The lines below, from the one containing "Newport Beach, CA 92660,1 Rue Du Parc" through the one containing "6 Boorogari Place, Petrie QLD 4502", should be set down exactly, with no pictures and nothing else.

__Provided data__.
==========

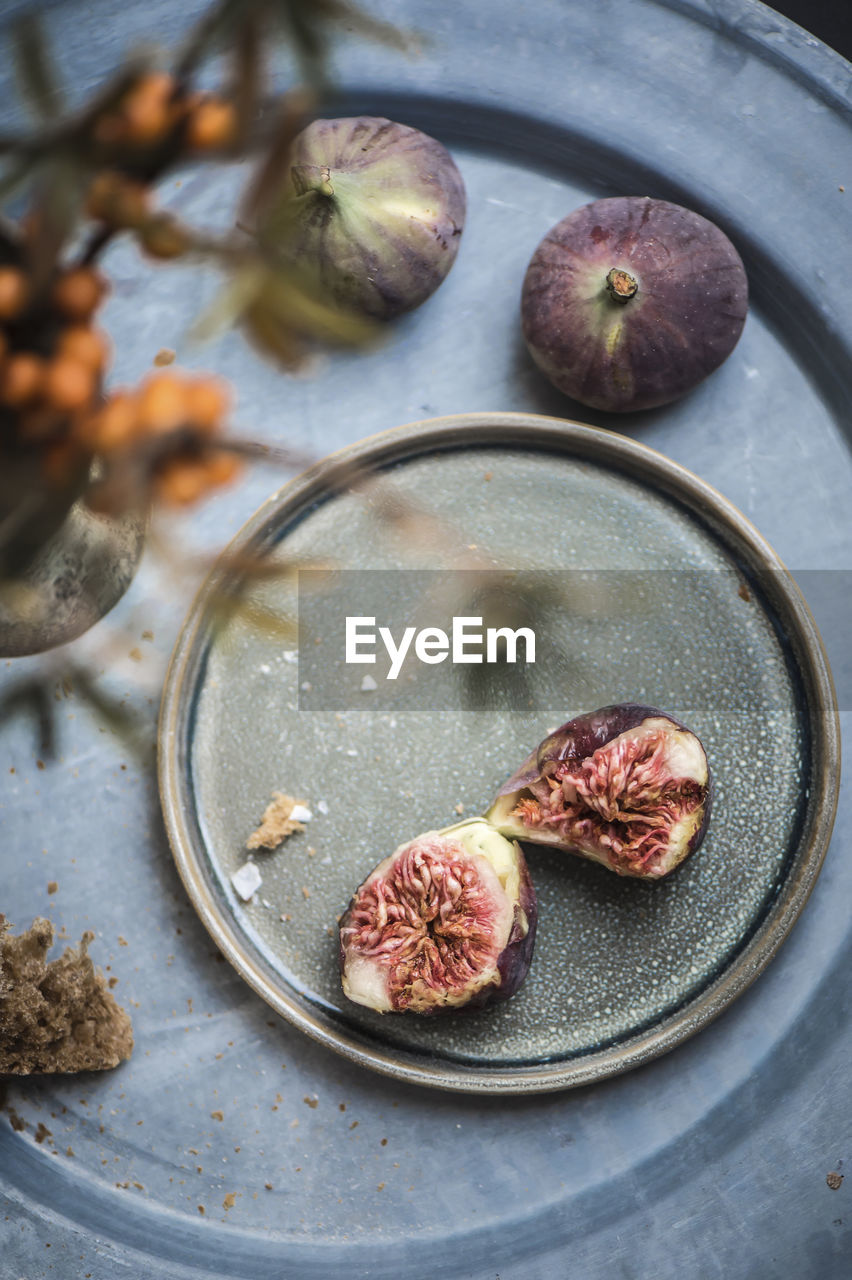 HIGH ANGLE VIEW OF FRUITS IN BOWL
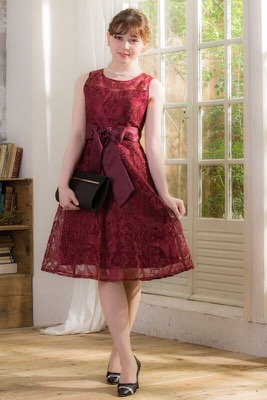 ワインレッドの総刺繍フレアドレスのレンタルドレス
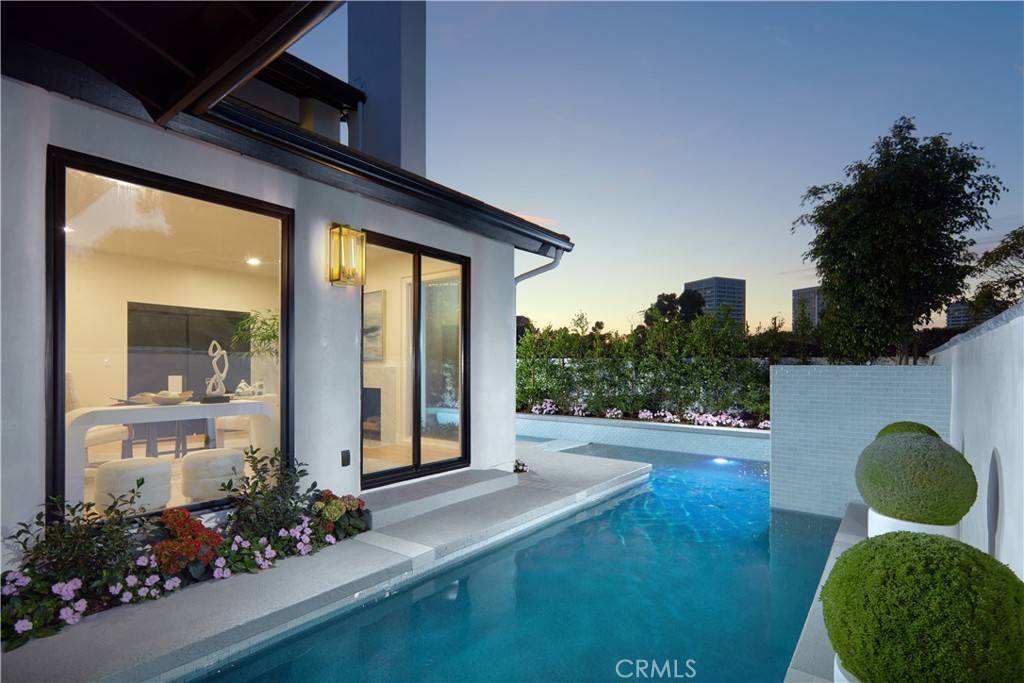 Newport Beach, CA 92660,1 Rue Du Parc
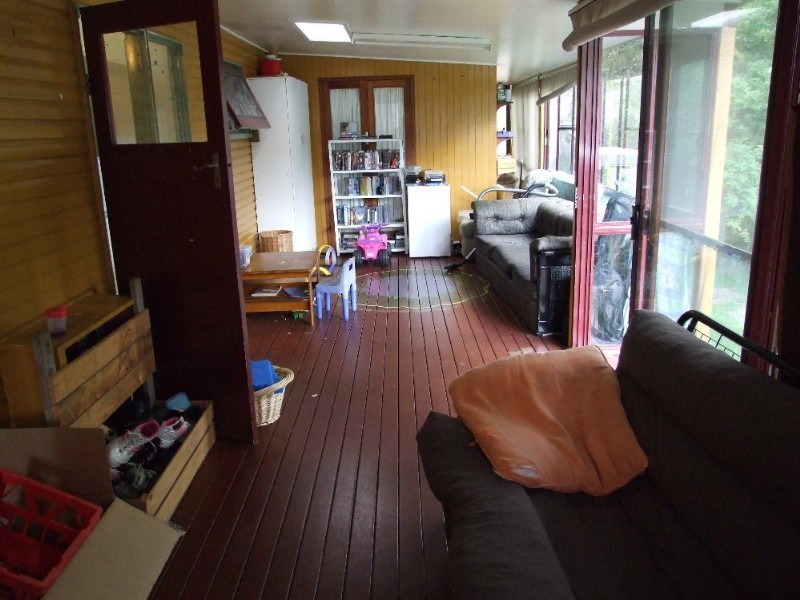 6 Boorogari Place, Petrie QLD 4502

==========

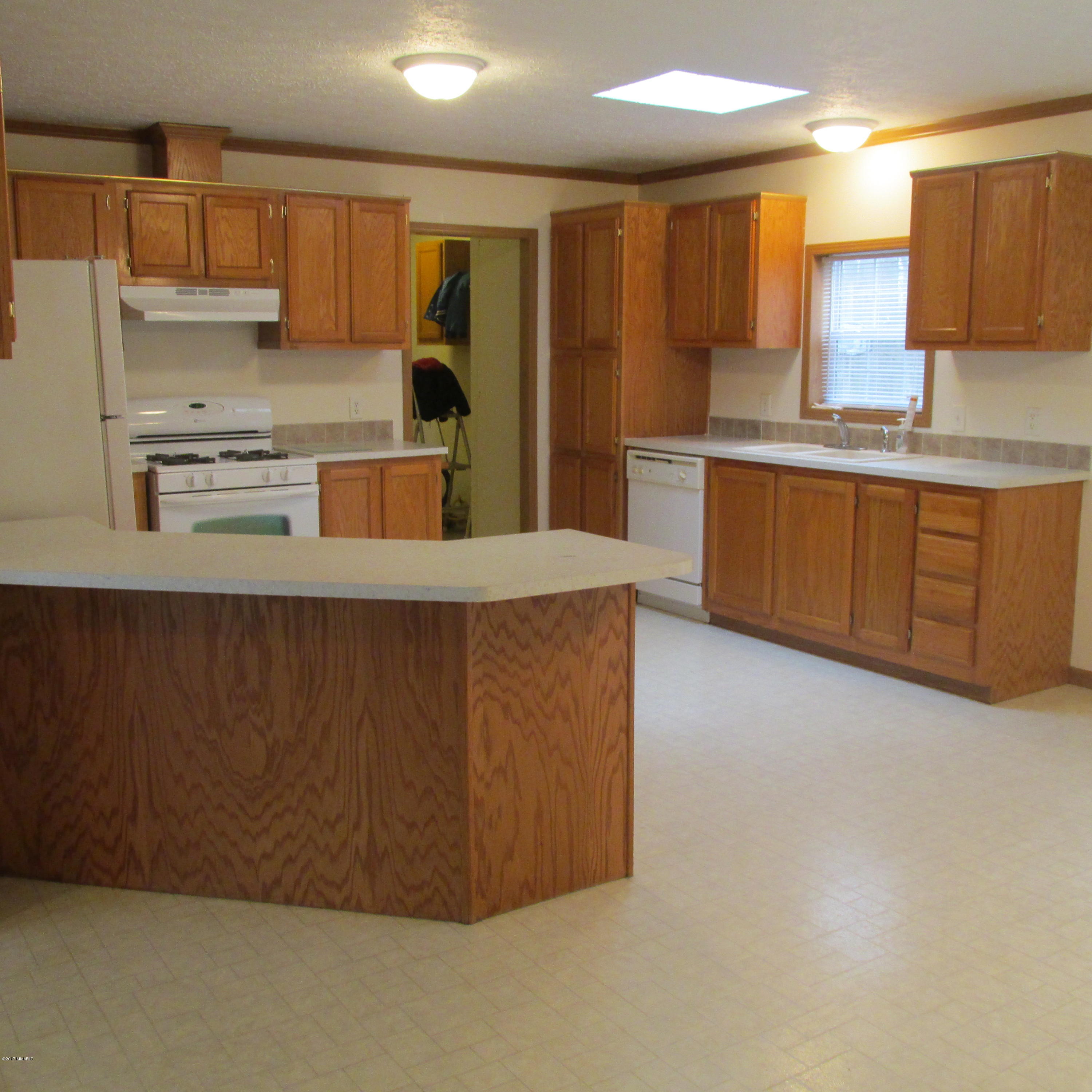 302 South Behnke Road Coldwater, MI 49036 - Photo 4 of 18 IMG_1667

==========

__Response for this exercise__.
 Newport Beach, CA 92660,1 Rue Du Parc
 6 Boorogari Place, Petrie QLD 4502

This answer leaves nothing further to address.